3. Menyelesaikan Ketimpangan Suara di Wilayah dengan Keragaman Tinggi
Indonesia adalah negara dengan masyarakat yang sangat beragam, baik dari segi budaya, agama, maupun geografis. Kondisi ini sering kali menyebabkan suara pemilih terpecah di antara kandidat yang memiliki basis dukungan berbeda. Sistem putaran kedua membantu mengatasi ketimpangan ini dengan memastikan bahwa kandidat yang menang benar-benar mewakili seluruh rakyat, bukan hanya kelompok tertentu.

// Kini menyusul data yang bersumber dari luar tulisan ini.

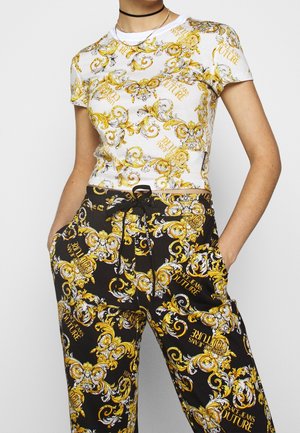 Witte t-shirt met gele en zwarte barokprint; zwarte broek met een vergelijkbaar patroon, voorzien van een koord en zakken.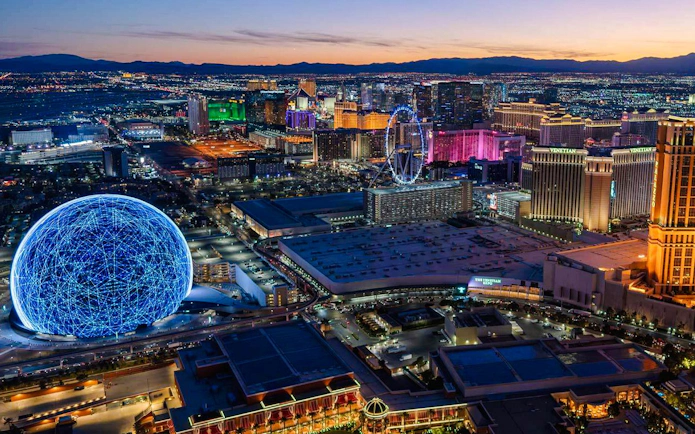 Las Vegas skyline at dusk with illuminated Sphere and Ferris wheel, view from helicopter tour.
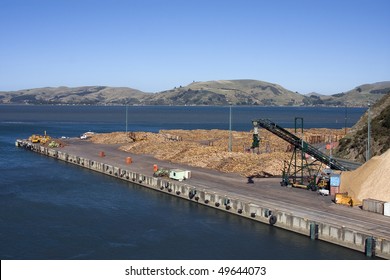 Wood Pulp And Logs On A Wharf Ready For Loading Onto A Ship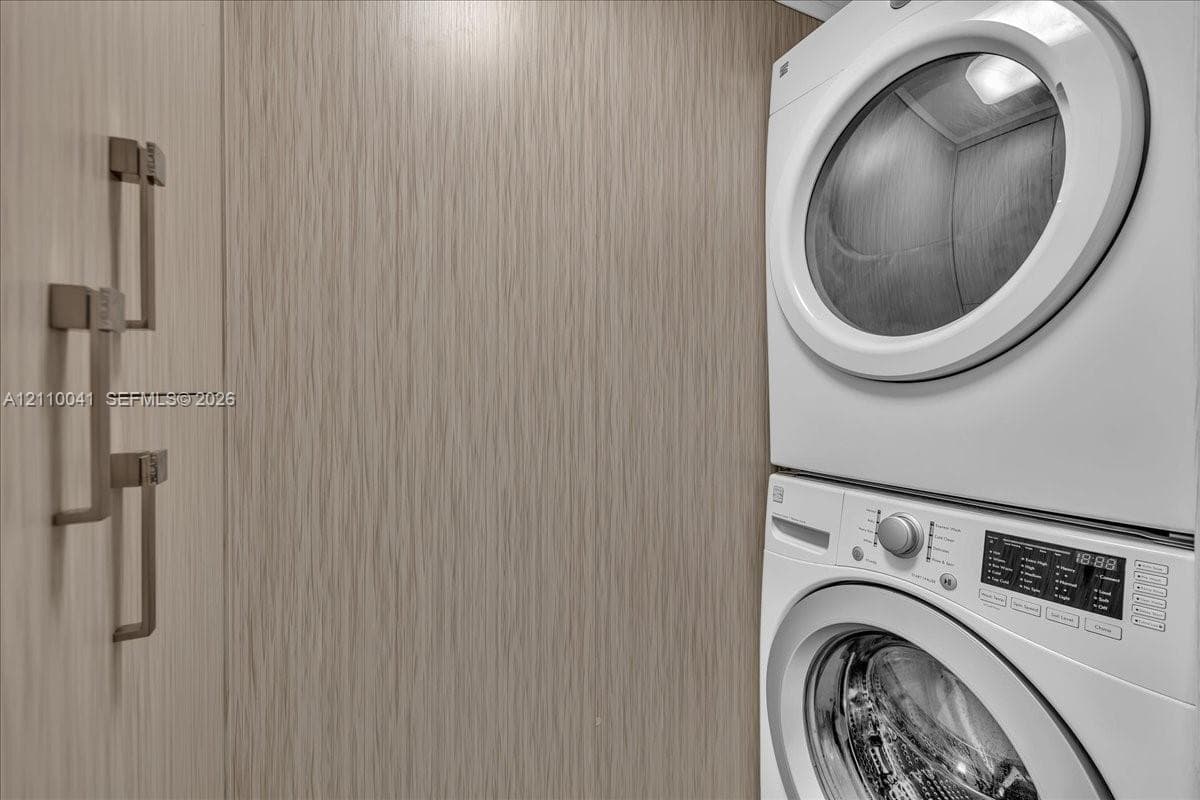 Stacked washer and dryer unit featuring built-in cabinetry with metallic bar hardware and a light-toned wood-finish exterior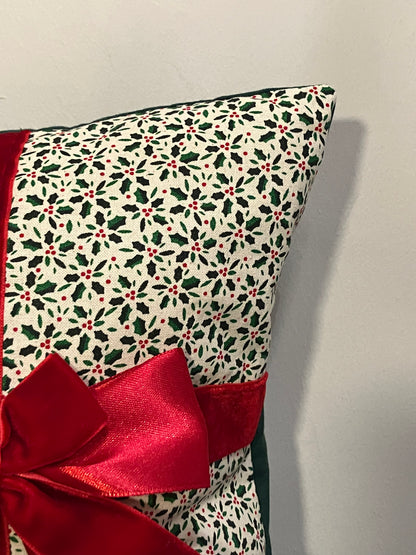 Corner of a festive Christmas cushion with a holly pattern and a red satin bow.
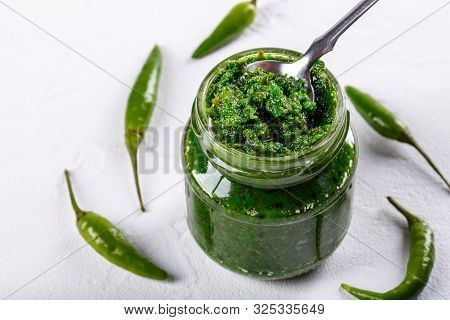 Hot Chili Pepper Paste. Green Sauce In Glass Jar On White Background. Adjika Or Ajika In Georgian Cu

4. Menghindari Potensi Konflik Pasca-Pemilu
Pemilu yang menghasilkan pemenang dengan margin suara kecil sering kali memunculkan ketegangan di masyarakat. Pihak yang kalah bisa saja mempertanyakan legitimasi hasil pemilu, yang berpotensi memicu konflik sosial. Putaran kedua memberikan proses tambahan untuk memperjelas hasil akhir, sehingga hasilnya lebih diterima oleh semua pihak.
Tantangan Pelaksanaan Putaran Kedua Pemilu
Meski memiliki banyak manfaat, putaran kedua juga menghadirkan sejumlah tantangan yang tidak bisa diabaikan.
1. Biaya Tinggi untuk Penyelenggaraan
Melaksanakan putaran kedua membutuhkan anggaran tambahan yang cukup besar. Biaya ini mencakup logistik, pelatihan petugas, distribusi surat suara, hingga pengawasan TPS. Pada Pemilu Presiden 2014, Komisi Pemilihan Umum (KPU) mengalokasikan dana besar untuk memastikan putaran kedua berjalan lancar. Dalam konteks daerah dengan infrastruktur terbatas, tantangan ini menjadi lebih signifikan.
2. Menurunnya Partisipasi Pemilih
Putaran kedua berisiko menurunkan tingkat partisipasi pemilih, terutama jika masyarakat merasa lelah atau tidak puas dengan proses putaran pertama. Misalnya, pada Pilkada DKI Jakarta 2017, meski partisipasi cukup tinggi, ada laporan bahwa sebagian pemilih merasa kurang antusias karena polarisasi yang terjadi di masyarakat.